Exercise directions >> Directions for the data below: repeat exactly the lines from the one with "KAWASAKI Z900 A2" through the one with "2009_heurigenbesuch_07", both included, and omit all pictures.

Data records: Begin

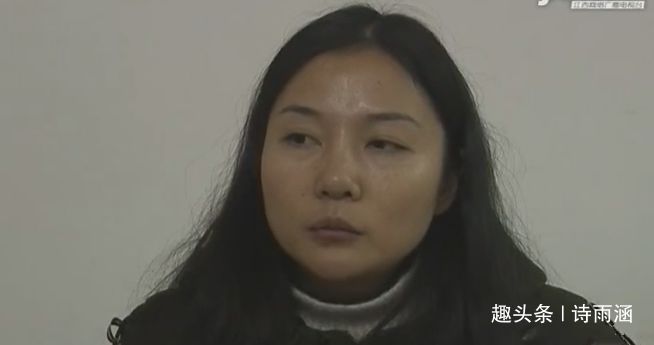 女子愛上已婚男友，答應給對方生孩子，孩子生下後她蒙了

Data records: End
Data records: Begin

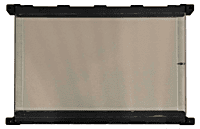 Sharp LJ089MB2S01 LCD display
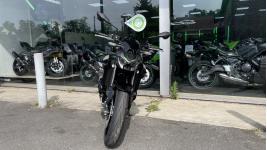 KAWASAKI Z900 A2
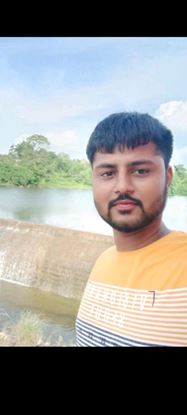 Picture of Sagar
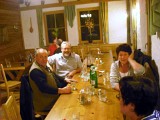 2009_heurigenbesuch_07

Data records: End

Finished task >>
 KAWASAKI Z900 A2
 Picture of Sagar
 2009_heurigenbesuch_07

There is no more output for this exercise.